◆ EXERCISE DETAILS ◆
The records below must be written out exactly, with every picture left behind.

[PROVIDED DATA]

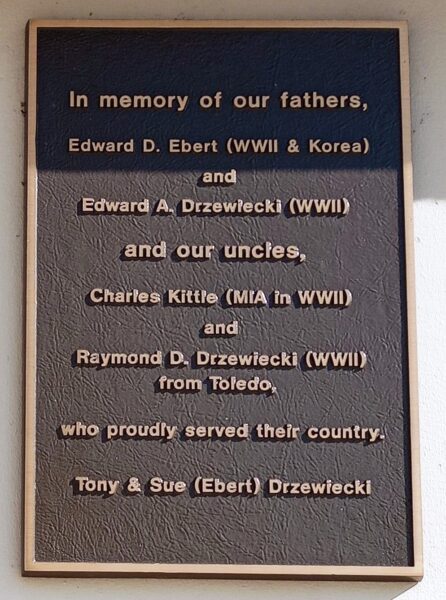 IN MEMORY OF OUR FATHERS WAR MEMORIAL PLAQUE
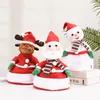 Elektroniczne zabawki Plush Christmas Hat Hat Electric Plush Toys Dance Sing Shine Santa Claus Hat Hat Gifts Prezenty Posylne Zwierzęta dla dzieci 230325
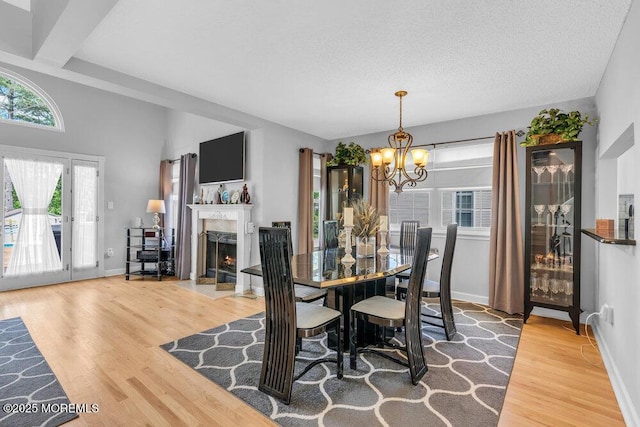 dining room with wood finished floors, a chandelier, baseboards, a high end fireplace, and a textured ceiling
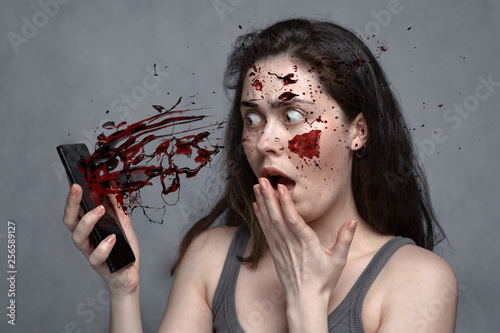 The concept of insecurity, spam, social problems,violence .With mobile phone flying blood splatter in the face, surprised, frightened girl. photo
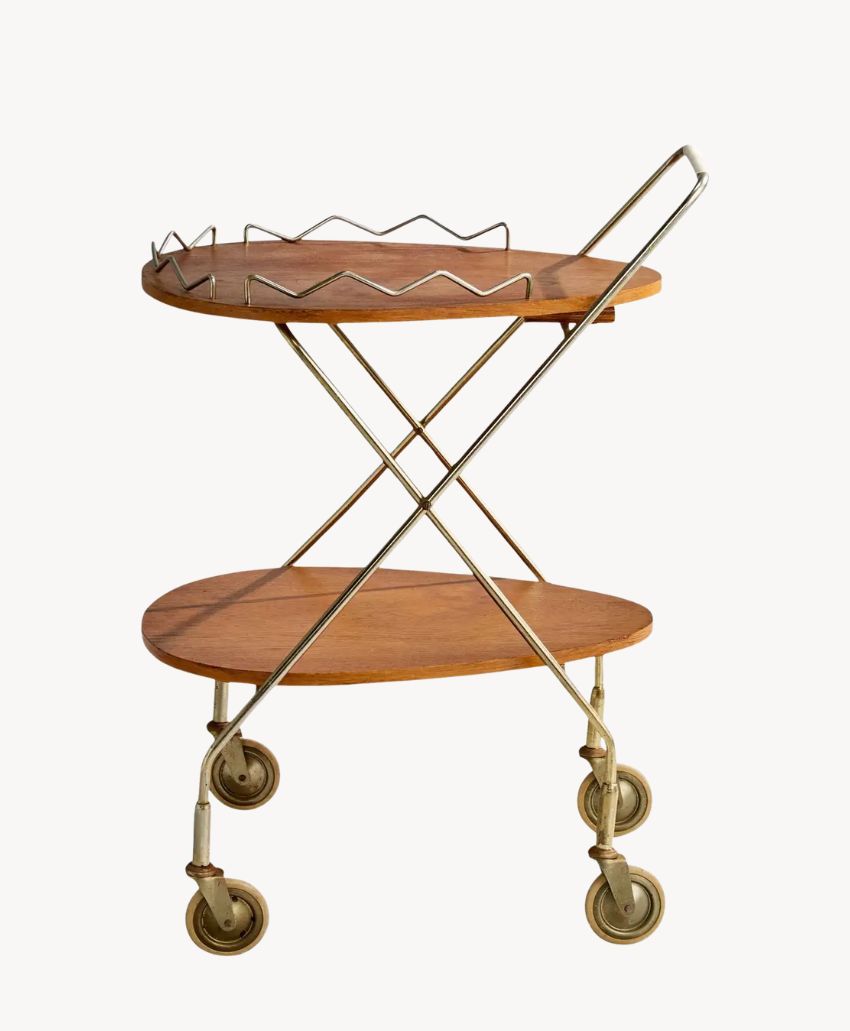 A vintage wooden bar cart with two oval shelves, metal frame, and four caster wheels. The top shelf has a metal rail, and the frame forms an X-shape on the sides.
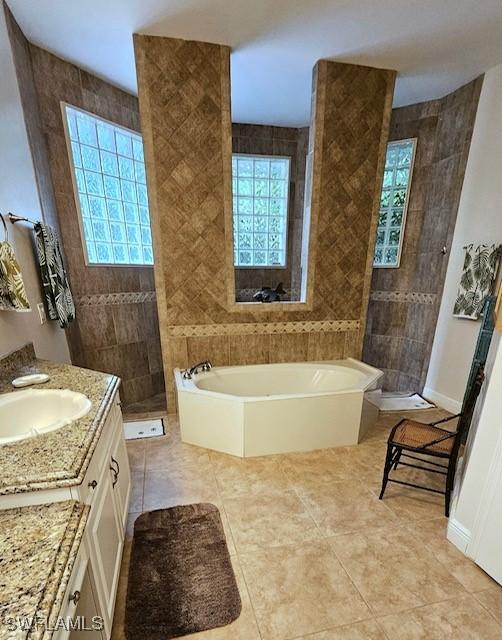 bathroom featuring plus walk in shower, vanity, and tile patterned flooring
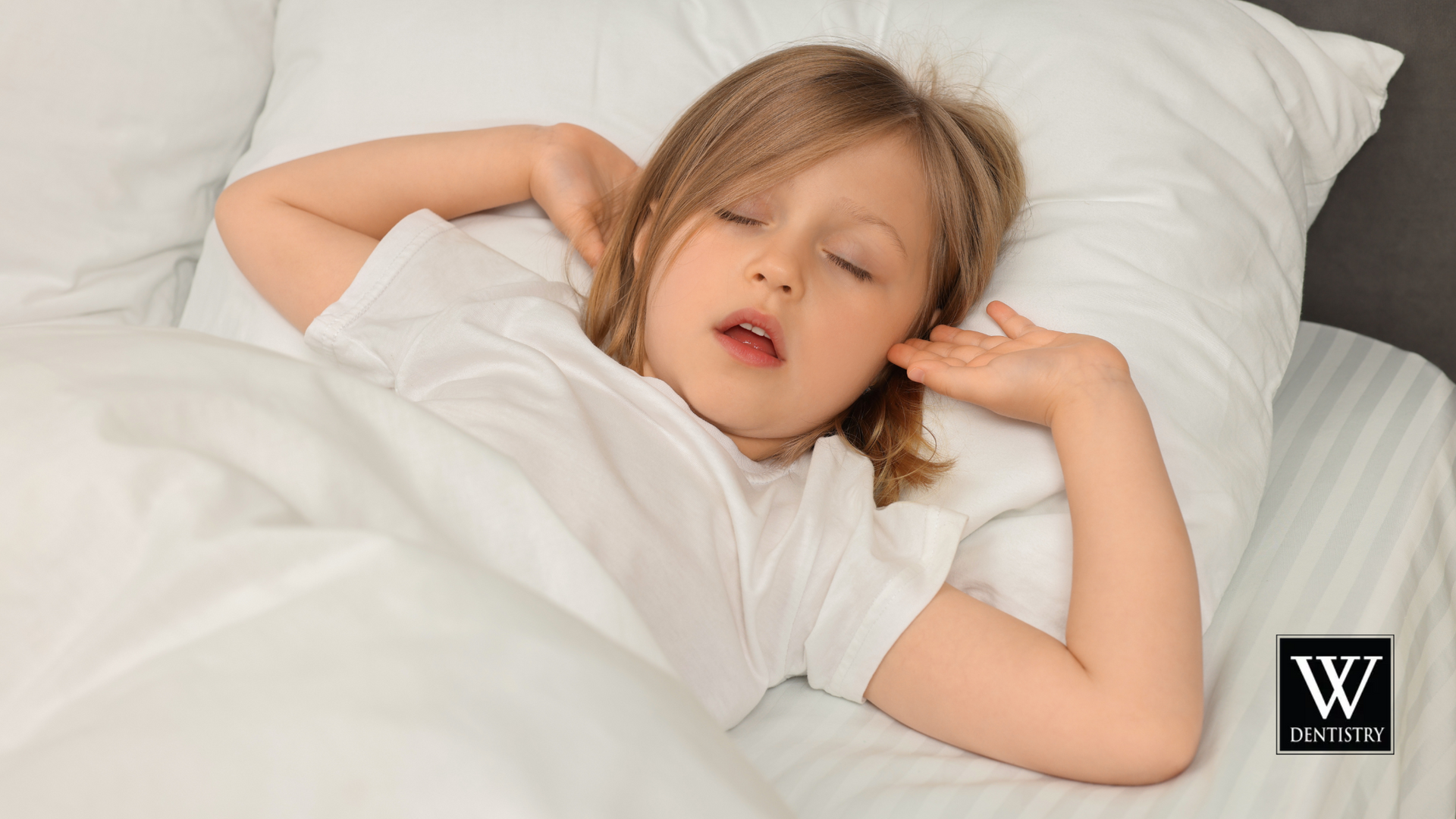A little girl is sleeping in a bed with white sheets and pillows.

[/PROVIDED DATA]

◆ SOLUTION TO THE PROBLEM ◆
 IN MEMORY OF OUR FATHERS WAR MEMORIAL PLAQUE
 Elektroniczne zabawki Plush Christmas Hat Hat Electric Plush Toys Dance Sing Shine Santa Claus Hat Hat Gifts Prezenty Posylne Zwierzęta dla dzieci 230325
 dining room with wood finished floors, a chandelier, baseboards, a high end fireplace, and a textured ceiling
 The concept of insecurity, spam, social problems,violence .With mobile phone flying blood splatter in the face, surprised, frightened girl. photo
 A vintage wooden bar cart with two oval shelves, metal frame, and four caster wheels. The top shelf has a metal rail, and the frame forms an X-shape on the sides.
 bathroom featuring plus walk in shower, vanity, and tile patterned flooring
A little girl is sleeping in a bed with white sheets and pillows.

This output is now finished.